Auffällig sei zudem, dass Konzerne bei ihrem Stellenabbau gerade die Standorte im Osten Deutschlands im Blick haben. „Vielleicht liegt das ja auch daran, dass sich die Kollegen im Westen eher massiv zur Wehr setzen, als wir in Sachsen-Anhalt dies tun.“

Im konkreten Fall der Turmbau Magdeburg müsse es jetzt darum gehen, den Arbeitsplatzverlust bestmöglich abzufedern. Das bedeutet, dass es nach den Verhandlungen mit der Unternehmensführung einen vorteilhaften Sozialplan mit der Einrichtung einer Transfergesellschaft geben muss. Die Transfergesellschaft müsse dafür sorgen, dass den bislang in dem Unternehmen im Gewerbegebiet Nord beschäftigten Menschen Angebote zur Um- und Weiterqualifikation unterbreitet werden. Ziel muss es sein für die Beschäftigten im Raum Magdeburg mindestens gleichwertige Arbeitsplätze zu finden, so Axel Weber.

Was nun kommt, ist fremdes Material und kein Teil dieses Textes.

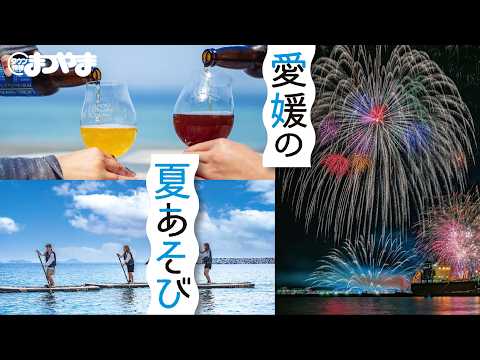 【愛媛の夏あそび特集！】タウン情報まつやま2026年7月号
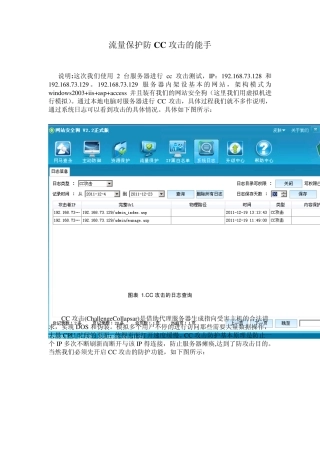 网站安全狗CC防护实例和设置教程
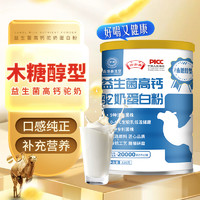 宠洛洛 Dg香港养生堂益生菌高钙驼奶粉中老年儿童成人早餐营养驼奶粉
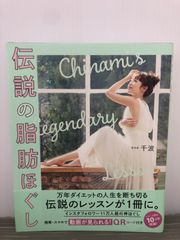 千波 伝説の脂肪ほぐし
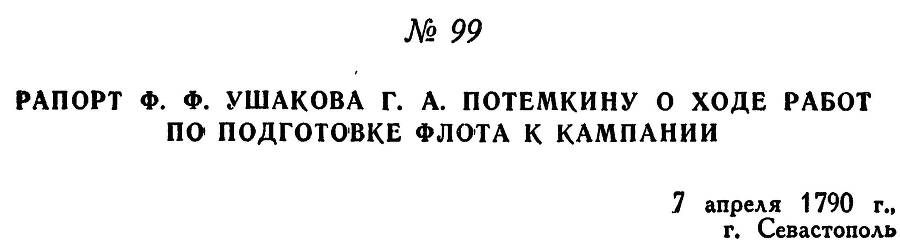 Адмирал Ушаков. Том 1. Часть 1 _134.jpg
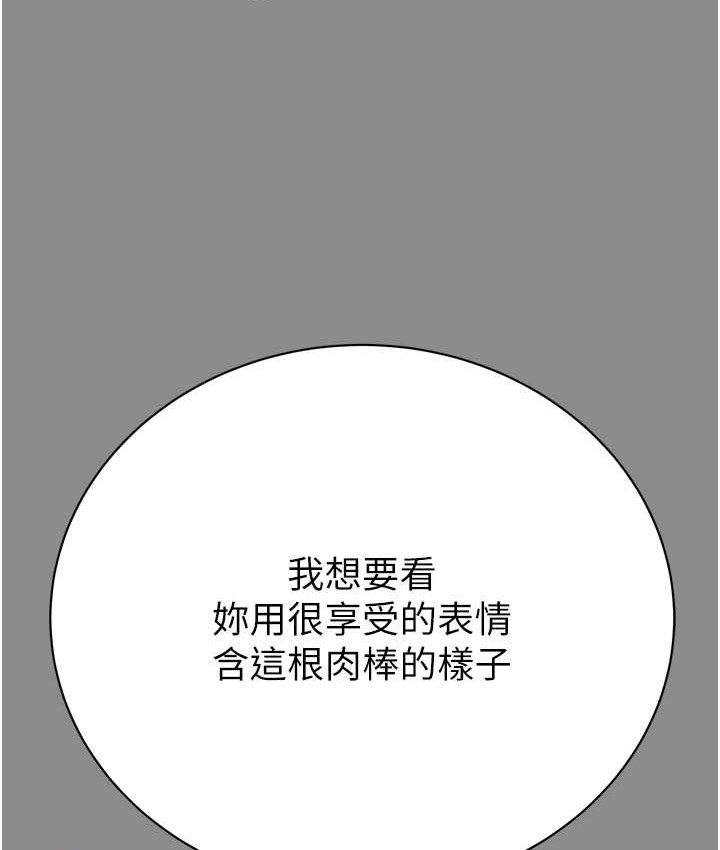第21话-淋浴间的私密时光 - 第156.jpg页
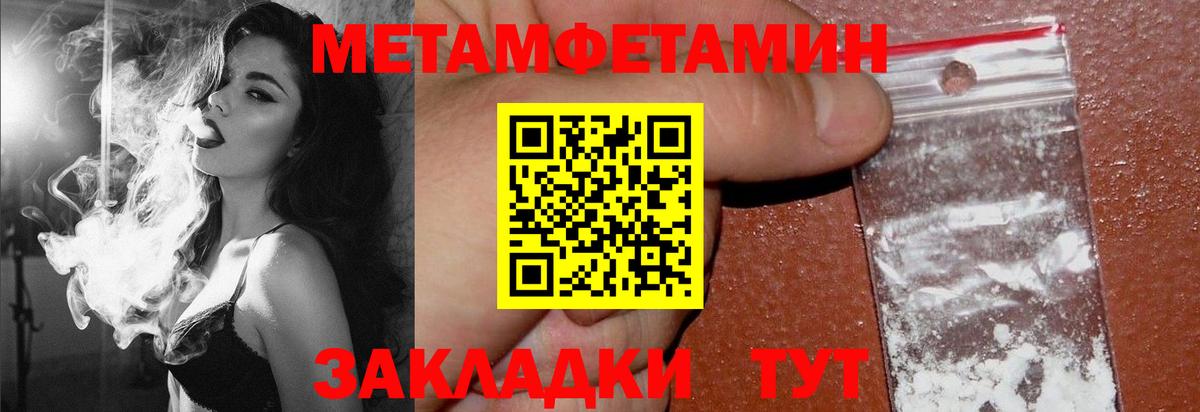 АМФ 98% Углич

Den Verlust weiterer Arbeitsplätze in der Branche der Windkraftanlagenhersteller bedauert auch die Magdeburger Stadtverwaltung. Der Wirtschaftsbeigeordnete Rainer Nitsche sagte der Volksstimme: „Schon als im Herbst des vergangenen Jahres für andere Unternehmen, die für Enercon produzieren, massive Stellenkürzungen angekündigt worden waren, stand die Befürchtung im Raum, dass es nicht dabei bleiben wird.“ Allerdings hofft der Wirtschaftsbeigeordnete, dass der Verlust der 143 weiteren Arbeitsplätze für den Magdeburger Arbeitsmarkt zu verkraften sein wird. Er sagt: „Gerade in der Logistikbranche wird derzeit in Magdeburg massiv investiert. Auch diese Unternehmen benötigen Arbeitskräfte.“ Im Zuge von Umschulungen sollte es möglich sein, die Mitarbeiter von Turmbau Magdeburg für die entsprechenden Aufgaben zu qualifizieren.

Immer wieder war auch angesichts der Förderung in den vergangenen Jahren gegenüber Enercon Unverständnis mit Blick auf den Abbau von Arbeitsplätzen geäußert worden. Doch dass die Krise bei Enercon wesentlich mit dem Ende des Ausbaus der Windkraft in Deutschland zu tun hat, zeigen auch die Zahlen: Die Ausbaukrise bei der Windkraft an Land verschärft sich. Lediglich 325 neue Anlagen mit 1078 Megawatt (MW) kamen im vergangenen Jahr hinzu. Gegenüber 2018 ein Einbruch von 55 Prozent, im Vergleich zu 2017 gingen gar 80 Prozent weniger Anlagen ans Netz. Der niedrigste Stand seit Einführung des Erneuerbare-Energien-Gesetzes (EEG) im Jahr 2000.

Insbesondere im Bereich der Fertigung von Rotorblättern hatte Enercon in seinen als Auftragnehmer betitelten Tochterfirmen bereits massiv Stellen abgebaut. Nach der Komplettschließung eines Werks im Süden Magdeburgs Ende 2017 folgten gerade in diesem Bereich fast 1500 Arbeitsplätze Ende des vergangenen Jahres.